DISCLOSURE: Dr. Hussain has received honoraria from Astellas Pharma, AstraZeneca, Clinical Care Options, Great Debates and Updates in GU Oncology, Medscape Zero, Merck, Precisca, Targeted Oncology, and UroToday; has served as a consultant or advisor to AstraZeneca, Bayer, Convergent Therapeutics, GlaxoSmithKline, Janssen, Merck, Novartis, Pfizer, and Tempus; and has received institutional research funding from Arvinas, AstraZeneca, Bayer, Genentech, and Pfizer.

REFERENCES

1. Hussain MHA, Tombal BF, Saad F, et al: Efficacy and safety of darolutamide in combination with androgen-deprivation therapy and docetaxel by disease volume and disease risk in the phase 3 ARASENS study. 2023 ASCO GU Cancers Symposium. Abstract 15. Presented February 18, 2023.

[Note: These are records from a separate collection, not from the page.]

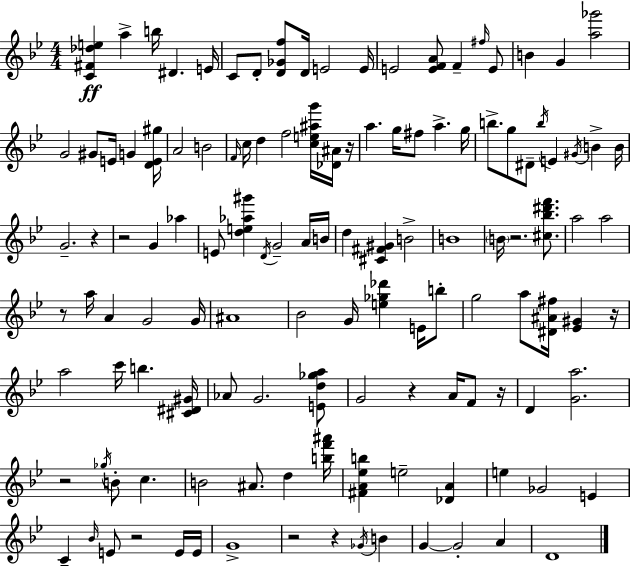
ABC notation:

X:1
T:Untitled
M:4/4
L:1/4
K:Gm
[C^F_de] a b/4 ^D E/4 C/2 D/2 [D_Gf]/2 D/4 E2 E/4 E2 [EFA]/2 F ^f/4 E/2 B G [a_g']2 G2 ^G/2 E/4 G [DE^g]/4 A2 B2 F/4 c/4 d f2 [ce^ag']/4 [_D^A]/4 z/4 a g/4 ^f/2 a g/4 b/2 g/2 ^D/2 b/4 E ^G/4 B B/4 G2 z z2 G _a E/2 [de_a^g'] D/4 G2 A/4 B/4 d [^C^F^G] B2 B4 B/4 z2 [^c_b^d'f']/2 a2 a2 z/2 a/4 A G2 G/4 ^A4 _B2 G/4 [e_g_d'] E/4 b/2 g2 a/2 [^D^A^f]/4 [_E^G] z/4 a2 c'/4 b [^C^D^G]/4 _A/2 G2 [Ed_ga]/2 G2 z A/4 F/2 z/4 D [Ga]2 z2 _g/4 B/2 c B2 ^A/2 d [bf'^a']/4 [^FA_eb] e2 [_DA] e _G2 E C _B/4 E/2 z2 E/4 E/4 G4 z2 z _G/4 B G G2 A D4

2. Hussain M, Tombal B, Saad F, et al: Darolutamide plus androgen-deprivation therapy and docetaxel in metastatic hormone-sensitive prostate cancer by disease volume and risk subgroups in the phase III ARASENS trial. J Clin Oncol. February 16, 2023 (early release online).

3. Smith MR, Hussain M, Saad F, et al: Darolutamide and survival in metastatic, hormone-sensitive prostate cancer. N Engl J Med 386:1132-1142, 2022.